4 April 2012
In the third in a series of guest posts, Rowan Bosworth-Davies, a financial crime consultant and former Scotland Yard detective, examines the strange assumption that ultimately lay behind the Financial Services Authority’s failure
When I was a detective at the Metropolitan Police Company Fraud Department, in 1984, my commander sent me to the USA to study the American way of financial regulation. I returned a committed convert to US methods of regulating the financial sector.
Sadly, under president Ronald Reagan and then under president George W Bush, deregulatory tendencies were allowed to predominate. This directly led to financial carnage seen on Wall Street recently. However I remained impressed by the committed nature of US regulators and their desire to do the right thing.
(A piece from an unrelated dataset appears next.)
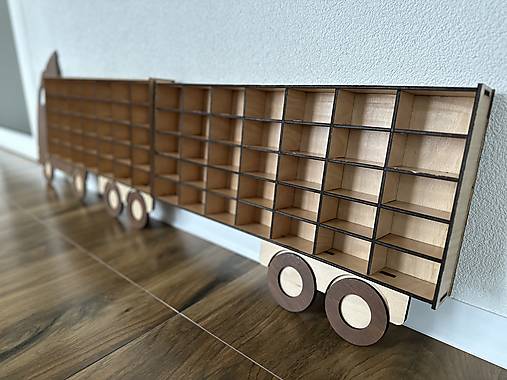 Polička na autíčka - nákladné auto 2 (prírodné/morené)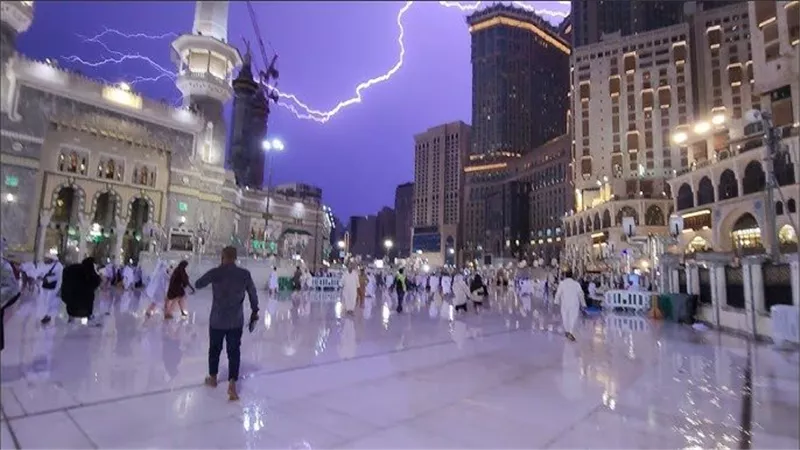 عاصفة مكة المكرمة.. إلى أين وصلت وهل من علامات يوم القيامة؟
While I was in Washington D.C., studying at the Securities Exchange Commission, the British government published a White Paper that would become the basis for the Financial Services & Markets Act 2000.
The SEC’s head of enforcement, John Fedders, read this document, and when I went to see him to say goodbye, he said to me: “…You Brits assume that any man who looks after other people’s money is a gentleman and you are shocked and horrified when you find the converse is true. We Americans assume that every man who looks after other people’s money has the propensity to be a crook, and we legislate for the possibility. When your people take the time and spend the money necessary to regulate the financial sector properly, and stop assuming it can be done by accountants in their spare time, and bankers taking a sabbatical, then we’ll take you seriously. Until then, don’t waste our time…”
He was right then, and he would be right now, but I don’t think anything will change the status quo. All the time we have men like FSA chief executive Hector Sants running the show, we will continue to be at the mercy of the crooks and the wise guys!